EXERCISE INSTRUCTIONS » Reproduce, without any change, the span of lines from the opening of the records below to the line containing "Mercedes E-Class foto 15", inclusive.

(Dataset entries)

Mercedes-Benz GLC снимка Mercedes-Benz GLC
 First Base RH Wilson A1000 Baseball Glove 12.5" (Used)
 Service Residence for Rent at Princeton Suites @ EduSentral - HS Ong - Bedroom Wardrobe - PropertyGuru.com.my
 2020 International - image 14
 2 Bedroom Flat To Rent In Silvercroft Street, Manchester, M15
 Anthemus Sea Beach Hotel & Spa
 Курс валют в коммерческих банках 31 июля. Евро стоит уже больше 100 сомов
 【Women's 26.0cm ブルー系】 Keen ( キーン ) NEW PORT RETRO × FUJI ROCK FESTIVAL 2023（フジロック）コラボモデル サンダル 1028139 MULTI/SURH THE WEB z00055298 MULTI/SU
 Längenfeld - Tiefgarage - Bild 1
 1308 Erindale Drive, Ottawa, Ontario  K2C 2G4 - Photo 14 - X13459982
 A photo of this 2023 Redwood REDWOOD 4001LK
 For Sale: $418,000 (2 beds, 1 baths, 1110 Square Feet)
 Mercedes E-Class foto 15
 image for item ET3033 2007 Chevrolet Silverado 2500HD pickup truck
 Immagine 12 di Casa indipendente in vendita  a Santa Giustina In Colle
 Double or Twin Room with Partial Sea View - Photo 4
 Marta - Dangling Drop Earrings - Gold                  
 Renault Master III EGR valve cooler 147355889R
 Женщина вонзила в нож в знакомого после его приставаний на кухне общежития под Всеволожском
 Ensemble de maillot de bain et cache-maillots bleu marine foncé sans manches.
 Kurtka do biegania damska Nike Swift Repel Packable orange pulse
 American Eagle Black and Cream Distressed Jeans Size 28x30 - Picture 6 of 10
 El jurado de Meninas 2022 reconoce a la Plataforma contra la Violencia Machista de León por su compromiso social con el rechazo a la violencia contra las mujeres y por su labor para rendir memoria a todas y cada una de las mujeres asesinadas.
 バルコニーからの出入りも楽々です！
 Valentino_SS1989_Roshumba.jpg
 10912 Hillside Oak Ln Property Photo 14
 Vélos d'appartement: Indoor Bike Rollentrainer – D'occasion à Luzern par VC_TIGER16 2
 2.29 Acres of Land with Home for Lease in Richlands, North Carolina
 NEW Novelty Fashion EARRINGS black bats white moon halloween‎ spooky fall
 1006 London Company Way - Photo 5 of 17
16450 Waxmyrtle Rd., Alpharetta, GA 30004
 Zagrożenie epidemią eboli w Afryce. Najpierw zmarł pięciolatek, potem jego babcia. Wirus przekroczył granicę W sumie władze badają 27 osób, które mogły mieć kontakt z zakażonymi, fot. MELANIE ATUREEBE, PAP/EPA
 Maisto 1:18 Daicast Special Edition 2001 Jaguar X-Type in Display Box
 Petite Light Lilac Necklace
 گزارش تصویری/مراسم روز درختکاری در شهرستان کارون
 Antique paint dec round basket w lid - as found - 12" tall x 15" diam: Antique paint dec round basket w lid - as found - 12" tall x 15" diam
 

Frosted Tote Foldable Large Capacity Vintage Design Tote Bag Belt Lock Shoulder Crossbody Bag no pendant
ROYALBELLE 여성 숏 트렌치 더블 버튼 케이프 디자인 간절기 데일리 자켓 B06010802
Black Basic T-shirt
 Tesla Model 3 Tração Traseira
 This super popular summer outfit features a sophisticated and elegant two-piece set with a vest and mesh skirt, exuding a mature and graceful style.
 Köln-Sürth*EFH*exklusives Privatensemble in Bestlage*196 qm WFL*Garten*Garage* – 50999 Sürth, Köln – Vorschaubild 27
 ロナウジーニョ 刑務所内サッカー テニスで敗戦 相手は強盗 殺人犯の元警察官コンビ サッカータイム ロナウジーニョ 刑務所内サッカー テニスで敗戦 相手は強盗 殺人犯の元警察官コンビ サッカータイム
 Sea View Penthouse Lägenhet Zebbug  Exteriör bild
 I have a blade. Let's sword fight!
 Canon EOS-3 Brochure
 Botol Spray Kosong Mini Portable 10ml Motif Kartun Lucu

FINISHED TASK »
Mercedes-Benz GLC снимка Mercedes-Benz GLC
 First Base RH Wilson A1000 Baseball Glove 12.5" (Used)
 Service Residence for Rent at Princeton Suites @ EduSentral - HS Ong - Bedroom Wardrobe - PropertyGuru.com.my
 2020 International - image 14
 2 Bedroom Flat To Rent In Silvercroft Street, Manchester, M15
 Anthemus Sea Beach Hotel & Spa
 Курс валют в коммерческих банках 31 июля. Евро стоит уже больше 100 сомов
 【Women's 26.0cm ブルー系】 Keen ( キーン ) NEW PORT RETRO × FUJI ROCK FESTIVAL 2023（フジロック）コラボモデル サンダル 1028139 MULTI/SURH THE WEB z00055298 MULTI/SU
 Längenfeld - Tiefgarage - Bild 1
 1308 Erindale Drive, Ottawa, Ontario  K2C 2G4 - Photo 14 - X13459982
 A photo of this 2023 Redwood REDWOOD 4001LK
 For Sale: $418,000 (2 beds, 1 baths, 1110 Square Feet)
 Mercedes E-Class foto 15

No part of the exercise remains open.